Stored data
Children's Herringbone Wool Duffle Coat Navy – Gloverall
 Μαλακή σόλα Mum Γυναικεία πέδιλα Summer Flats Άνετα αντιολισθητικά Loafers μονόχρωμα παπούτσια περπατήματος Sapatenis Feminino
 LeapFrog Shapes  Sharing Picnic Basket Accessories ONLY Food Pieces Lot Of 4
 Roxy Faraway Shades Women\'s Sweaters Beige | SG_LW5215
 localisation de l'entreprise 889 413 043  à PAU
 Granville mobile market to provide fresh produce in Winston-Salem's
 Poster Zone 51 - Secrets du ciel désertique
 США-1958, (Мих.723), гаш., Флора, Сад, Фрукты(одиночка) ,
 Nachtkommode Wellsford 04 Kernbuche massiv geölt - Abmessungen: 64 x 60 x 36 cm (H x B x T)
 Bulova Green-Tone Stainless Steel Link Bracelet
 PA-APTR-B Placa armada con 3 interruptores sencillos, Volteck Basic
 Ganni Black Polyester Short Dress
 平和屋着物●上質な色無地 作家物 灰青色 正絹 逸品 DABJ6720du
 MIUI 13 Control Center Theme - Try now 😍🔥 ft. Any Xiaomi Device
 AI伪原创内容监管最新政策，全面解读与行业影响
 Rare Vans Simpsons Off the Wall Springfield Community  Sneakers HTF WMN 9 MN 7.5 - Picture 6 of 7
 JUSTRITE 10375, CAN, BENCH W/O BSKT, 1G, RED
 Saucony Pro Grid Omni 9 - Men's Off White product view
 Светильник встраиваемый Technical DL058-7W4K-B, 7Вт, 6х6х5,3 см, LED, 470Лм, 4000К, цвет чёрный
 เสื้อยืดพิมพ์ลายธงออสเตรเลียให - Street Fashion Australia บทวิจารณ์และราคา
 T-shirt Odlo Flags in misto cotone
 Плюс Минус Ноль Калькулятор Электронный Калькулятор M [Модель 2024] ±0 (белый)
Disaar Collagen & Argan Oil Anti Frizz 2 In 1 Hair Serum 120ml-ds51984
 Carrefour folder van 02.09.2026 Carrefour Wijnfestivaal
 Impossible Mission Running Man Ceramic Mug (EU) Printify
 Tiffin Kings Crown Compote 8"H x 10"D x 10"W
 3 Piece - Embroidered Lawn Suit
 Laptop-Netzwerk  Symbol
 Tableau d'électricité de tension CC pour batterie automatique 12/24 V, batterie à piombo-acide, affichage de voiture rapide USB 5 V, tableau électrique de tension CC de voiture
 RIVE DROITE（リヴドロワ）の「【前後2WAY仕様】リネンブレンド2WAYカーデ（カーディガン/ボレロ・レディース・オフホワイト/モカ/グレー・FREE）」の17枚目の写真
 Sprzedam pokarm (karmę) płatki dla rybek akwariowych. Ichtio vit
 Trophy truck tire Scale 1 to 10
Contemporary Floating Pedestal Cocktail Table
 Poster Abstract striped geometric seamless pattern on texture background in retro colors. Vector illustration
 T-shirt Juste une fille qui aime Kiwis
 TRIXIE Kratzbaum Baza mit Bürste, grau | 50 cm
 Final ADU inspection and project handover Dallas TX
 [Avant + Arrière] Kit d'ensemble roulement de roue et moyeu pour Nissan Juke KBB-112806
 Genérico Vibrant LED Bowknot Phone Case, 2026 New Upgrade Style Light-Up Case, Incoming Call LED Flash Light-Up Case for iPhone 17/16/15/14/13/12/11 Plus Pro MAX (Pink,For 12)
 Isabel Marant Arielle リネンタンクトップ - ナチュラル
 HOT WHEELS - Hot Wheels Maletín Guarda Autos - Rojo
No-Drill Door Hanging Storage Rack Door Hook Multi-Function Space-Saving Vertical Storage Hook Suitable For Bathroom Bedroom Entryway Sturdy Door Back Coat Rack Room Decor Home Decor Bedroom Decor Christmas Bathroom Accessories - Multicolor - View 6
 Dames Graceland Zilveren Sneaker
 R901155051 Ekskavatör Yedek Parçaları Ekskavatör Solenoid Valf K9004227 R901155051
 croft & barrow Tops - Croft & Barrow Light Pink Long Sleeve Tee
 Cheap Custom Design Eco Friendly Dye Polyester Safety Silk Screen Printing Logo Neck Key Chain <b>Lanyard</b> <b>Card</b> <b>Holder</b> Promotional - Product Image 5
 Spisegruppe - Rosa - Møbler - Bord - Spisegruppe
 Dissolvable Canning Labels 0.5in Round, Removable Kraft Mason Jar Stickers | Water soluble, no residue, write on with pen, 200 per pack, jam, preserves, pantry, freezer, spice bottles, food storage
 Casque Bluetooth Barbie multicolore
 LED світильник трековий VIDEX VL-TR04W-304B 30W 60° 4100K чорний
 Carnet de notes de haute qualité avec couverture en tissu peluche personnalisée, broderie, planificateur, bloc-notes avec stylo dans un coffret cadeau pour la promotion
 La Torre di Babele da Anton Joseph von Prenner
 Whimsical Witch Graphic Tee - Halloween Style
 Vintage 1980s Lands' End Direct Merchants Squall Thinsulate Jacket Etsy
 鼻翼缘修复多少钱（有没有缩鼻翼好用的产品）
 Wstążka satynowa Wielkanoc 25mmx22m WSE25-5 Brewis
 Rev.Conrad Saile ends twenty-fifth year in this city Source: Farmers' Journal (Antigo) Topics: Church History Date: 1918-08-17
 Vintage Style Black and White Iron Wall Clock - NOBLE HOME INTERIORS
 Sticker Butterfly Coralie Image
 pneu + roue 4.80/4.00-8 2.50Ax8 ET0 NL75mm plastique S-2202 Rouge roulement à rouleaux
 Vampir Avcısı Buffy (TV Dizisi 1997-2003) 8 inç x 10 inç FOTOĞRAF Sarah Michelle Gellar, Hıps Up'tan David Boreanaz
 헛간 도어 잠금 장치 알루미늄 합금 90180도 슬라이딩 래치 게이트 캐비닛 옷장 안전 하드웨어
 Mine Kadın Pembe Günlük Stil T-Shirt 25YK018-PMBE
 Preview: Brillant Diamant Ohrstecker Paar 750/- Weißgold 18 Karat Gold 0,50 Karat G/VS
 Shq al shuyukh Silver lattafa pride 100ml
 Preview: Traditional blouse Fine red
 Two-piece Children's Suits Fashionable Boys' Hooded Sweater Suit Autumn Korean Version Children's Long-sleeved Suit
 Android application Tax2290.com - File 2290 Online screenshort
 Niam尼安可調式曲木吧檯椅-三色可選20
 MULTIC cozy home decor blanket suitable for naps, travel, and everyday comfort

§ **Work required**
When a line in the data contains the string "White", copy that line.

§ **Written solution**
 Saucony Pro Grid Omni 9 - Men's Off White product view
 Vintage Style Black and White Iron Wall Clock - NOBLE HOME INTERIORS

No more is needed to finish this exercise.